I suppose the wildcard is Chrysler’s 62TE six-speed automatic transmission. The new Pentastar 3.6L V6 is an absolute gem — powerful, refined, and efficient. The transmission, however, is a bit finicky and tends to hunt around a bit for the right gear, all in the name of fuel economy. Chrysler claims that the 62TE uses adaptive programming, so perhaps I needed to put an extra 500 miles on the clock so we could become better acquainted.
Since it hit the market just over six years ago, there have been a few issues with electronic solenoids in the 62TE but most have been revised and resolved. Unlike Hondas, late model Chrysler and Dodge minivans have, for the most part, been free from widespread transmission issues.

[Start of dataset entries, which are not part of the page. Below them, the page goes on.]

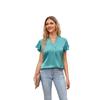 Sommer T-shirt Europäischen und Amerikanischen Neue Produkt frauen Satin V-ausschnitt Rüschen Ärmeln Mode Büro Arbeit Top S-2XL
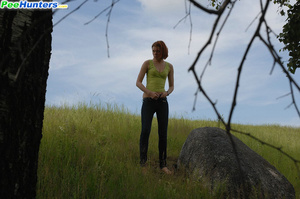 Pee. Babe tinkles on a rock in the middl - Picture 12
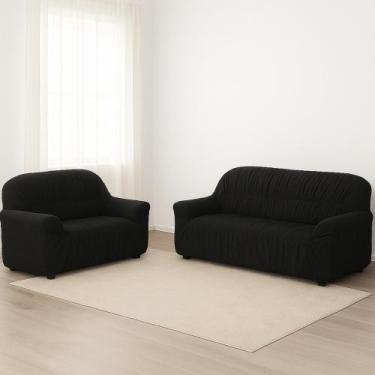 Imagem de Capa de Sofá Elasticada 2 e 3 Lugares - malucassim, preto, 2 e 3 lugar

Depreciation on Chrysler vans has always been heavy. Buy used and get a basic but extended powertrain warranty.
The other question is whether you should consider an SUV or crossover. Let me put it this way — do you care what people think of you? If so, don’t buy a minivan.
Do you go off-roading or tow really heavy things? Get a truck-based SUV like a Suburban or Tahoe.
Are you a single female who for whatever reason thinks sitting up high is cool? Get one of those ugly-ass crossovers.
Practicality, efficiency, and economy have always favored the minivan. If you routinely need room for 7 adults or gobs of cargo and you normally drive on paved roads, there is no better choice for the money. Period.
Otherwise, Miata Is Always The Answer.
Stow and Go seating
Thin seat backs in third row
Standard leather feels cheap
30 years later, the minivan is still the most efficient and practical way of transporting a family. On the other hand, you could always abandon your wife and children in favor of a two-seater.